## [GIVEN RECORDS]
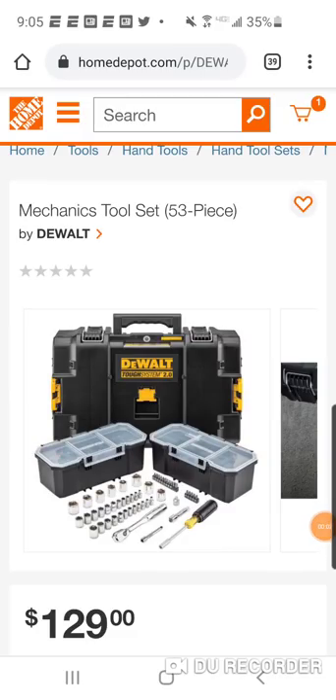We saw the Tough System 1.0 come out with a 212-piece mechanics tool set. Not to be outdone, the 1.0 is obviously old hat now — nobody really wants that, though it is a great system. If you can get it for 40-50% off versus the 2.0, that's worth considering, though they'll probably phase out those 1.0 boxes over time.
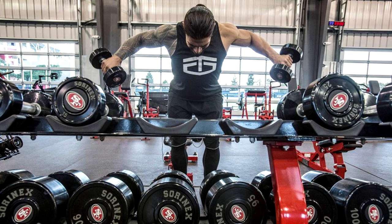Day 3: Four sets of leg extensions, 30 reps in each set. Four sets of front squats, 12 to 15 reps in each set. Three sets of hack squats, 12 reps in each set. Three sets of standing leg curls, 12 reps in each set. Three sets of lying leg curls, 12 reps in each set.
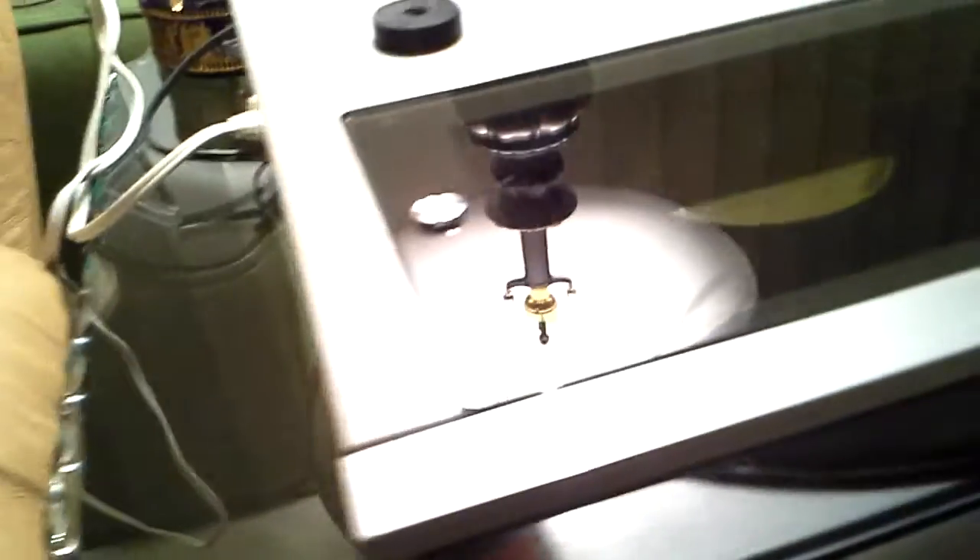There are only a few marks on this turntable to be seen — a couple of light grazes on the top. The original Sony puck is included with this sale. The plastic front, as you can see, is in perfect condition. It has the original Sony sticker. Bright work is superb.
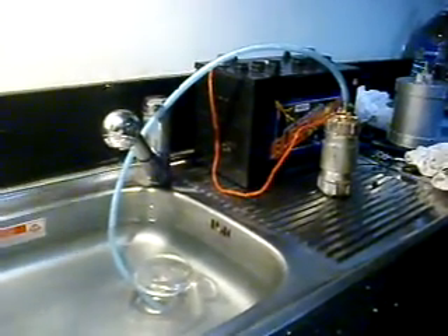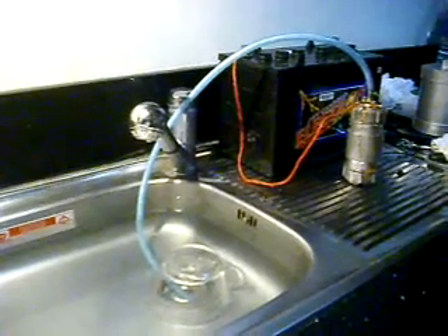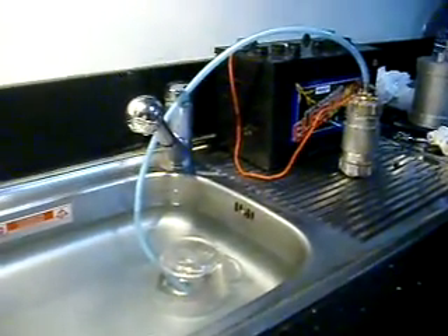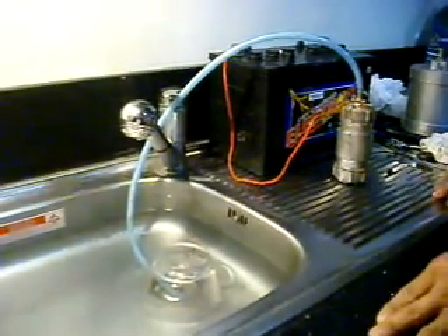Now we're going to test the MK100 on a liter per minute. This time, we have made a stronger electrolyte solution.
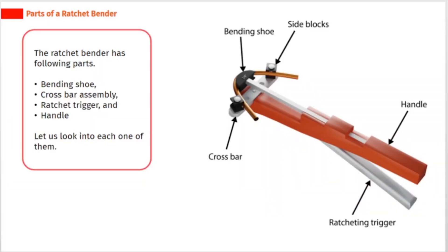The ratchet bender has the following parts: bending shoe, cross bar assembly, ratchet trigger, and handle. Let us look into each one of them.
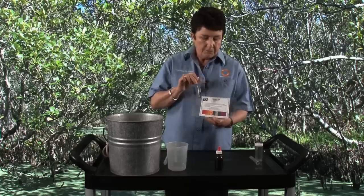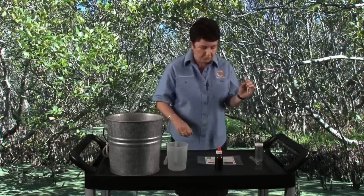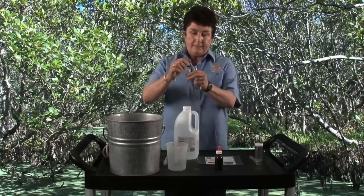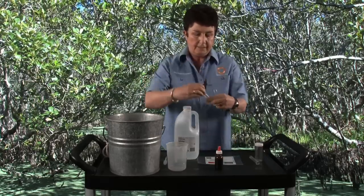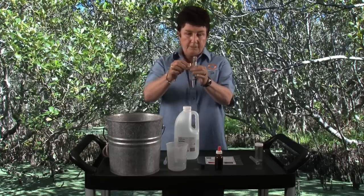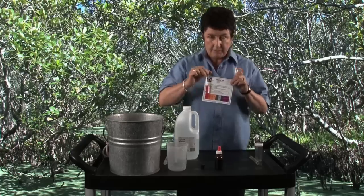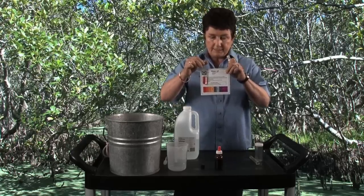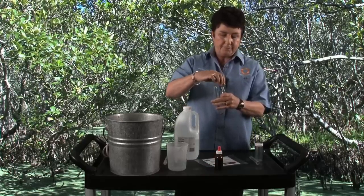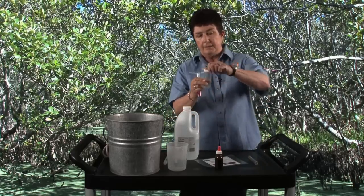Just to show you that all results of water will not necessarily be of neutral pH, I have a solution of vinegar here in this test tube. And if I add vinegar to this water sample, you'll notice that the indicator straight away turns red, showing that the water is now of acid pH. When we're finished doing our field sample of pH testing, of course, we dispose of it in a waste container.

## [EXERCISE]
When you copy the entries above, keep every word exactly and omit the images.

## [TASK SOLUTION]
We saw the Tough System 1.0 come out with a 212-piece mechanics tool set. Not to be outdone, the 1.0 is obviously old hat now — nobody really wants that, though it is a great system. If you can get it for 40-50% off versus the 2.0, that's worth considering, though they'll probably phase out those 1.0 boxes over time.
Day 3: Four sets of leg extensions, 30 reps in each set. Four sets of front squats, 12 to 15 reps in each set. Three sets of hack squats, 12 reps in each set. Three sets of standing leg curls, 12 reps in each set. Three sets of lying leg curls, 12 reps in each set.
There are only a few marks on this turntable to be seen — a couple of light grazes on the top. The original Sony puck is included with this sale. The plastic front, as you can see, is in perfect condition. It has the original Sony sticker. Bright work is superb.
Now we're going to test the MK100 on a liter per minute. This time, we have made a stronger electrolyte solution.
The ratchet bender has the following parts: bending shoe, cross bar assembly, ratchet trigger, and handle. Let us look into each one of them.
Just to show you that all results of water will not necessarily be of neutral pH, I have a solution of vinegar here in this test tube. And if I add vinegar to this water sample, you'll notice that the indicator straight away turns red, showing that the water is now of acid pH. When we're finished doing our field sample of pH testing, of course, we dispose of it in a waste container.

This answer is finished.